### REQUIRED ACTION
In the records below, find the line containing "Chỉ Muốn Cưng Chiều Em Chương 57 Ảnh 18" and the line containing "Парафин Шоколад Paraffin Chocolate 500г"; please repeat exactly the lines from one to the other, both included, and nothing more.

== INPUT

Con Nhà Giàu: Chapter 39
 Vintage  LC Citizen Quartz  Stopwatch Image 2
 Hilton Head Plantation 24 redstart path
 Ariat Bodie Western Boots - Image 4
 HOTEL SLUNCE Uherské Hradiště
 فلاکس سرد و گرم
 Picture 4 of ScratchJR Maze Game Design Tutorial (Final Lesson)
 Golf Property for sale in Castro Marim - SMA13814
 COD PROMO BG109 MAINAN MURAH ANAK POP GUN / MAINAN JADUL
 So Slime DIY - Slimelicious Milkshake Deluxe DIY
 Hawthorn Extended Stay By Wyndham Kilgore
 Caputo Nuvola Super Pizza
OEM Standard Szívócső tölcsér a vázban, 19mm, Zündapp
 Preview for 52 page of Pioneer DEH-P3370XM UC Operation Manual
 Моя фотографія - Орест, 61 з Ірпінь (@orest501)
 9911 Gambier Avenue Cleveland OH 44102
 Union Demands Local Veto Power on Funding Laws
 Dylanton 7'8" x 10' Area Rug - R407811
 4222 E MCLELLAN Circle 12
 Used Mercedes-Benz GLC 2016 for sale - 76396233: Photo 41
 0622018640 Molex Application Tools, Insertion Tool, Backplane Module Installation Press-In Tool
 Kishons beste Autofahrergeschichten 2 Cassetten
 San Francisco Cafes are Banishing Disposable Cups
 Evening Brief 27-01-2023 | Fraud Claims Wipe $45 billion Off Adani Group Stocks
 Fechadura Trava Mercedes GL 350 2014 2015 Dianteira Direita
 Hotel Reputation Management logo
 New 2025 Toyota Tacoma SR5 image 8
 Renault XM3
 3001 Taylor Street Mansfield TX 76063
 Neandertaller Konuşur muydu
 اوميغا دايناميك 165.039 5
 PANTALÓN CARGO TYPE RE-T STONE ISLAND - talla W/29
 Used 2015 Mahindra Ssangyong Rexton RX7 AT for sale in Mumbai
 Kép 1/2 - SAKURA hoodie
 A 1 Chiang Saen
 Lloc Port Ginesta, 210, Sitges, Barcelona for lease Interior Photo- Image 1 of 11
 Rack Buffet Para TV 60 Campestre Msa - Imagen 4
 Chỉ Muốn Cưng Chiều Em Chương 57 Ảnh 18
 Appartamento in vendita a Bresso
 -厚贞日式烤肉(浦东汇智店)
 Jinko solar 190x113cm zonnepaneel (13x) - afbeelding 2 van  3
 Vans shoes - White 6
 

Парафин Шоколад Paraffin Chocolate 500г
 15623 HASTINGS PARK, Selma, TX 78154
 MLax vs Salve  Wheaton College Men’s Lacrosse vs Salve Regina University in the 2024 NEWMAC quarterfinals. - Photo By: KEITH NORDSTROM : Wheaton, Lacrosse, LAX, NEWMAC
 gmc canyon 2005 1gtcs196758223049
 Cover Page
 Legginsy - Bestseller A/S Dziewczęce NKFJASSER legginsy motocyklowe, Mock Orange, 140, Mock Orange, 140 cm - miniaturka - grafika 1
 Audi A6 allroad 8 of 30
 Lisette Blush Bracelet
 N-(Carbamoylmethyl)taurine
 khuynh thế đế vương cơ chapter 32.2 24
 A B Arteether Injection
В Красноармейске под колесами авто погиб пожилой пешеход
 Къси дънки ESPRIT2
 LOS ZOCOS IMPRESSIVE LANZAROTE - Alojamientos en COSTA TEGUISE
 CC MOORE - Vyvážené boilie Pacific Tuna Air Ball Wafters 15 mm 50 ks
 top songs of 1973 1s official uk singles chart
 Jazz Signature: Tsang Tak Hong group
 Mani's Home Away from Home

====

### FINAL ANSWER
 Chỉ Muốn Cưng Chiều Em Chương 57 Ảnh 18
 Appartamento in vendita a Bresso
 -厚贞日式烤肉(浦东汇智店)
 Jinko solar 190x113cm zonnepaneel (13x) - afbeelding 2 van  3
 Vans shoes - White 6
 

Парафин Шоколад Paraffin Chocolate 500г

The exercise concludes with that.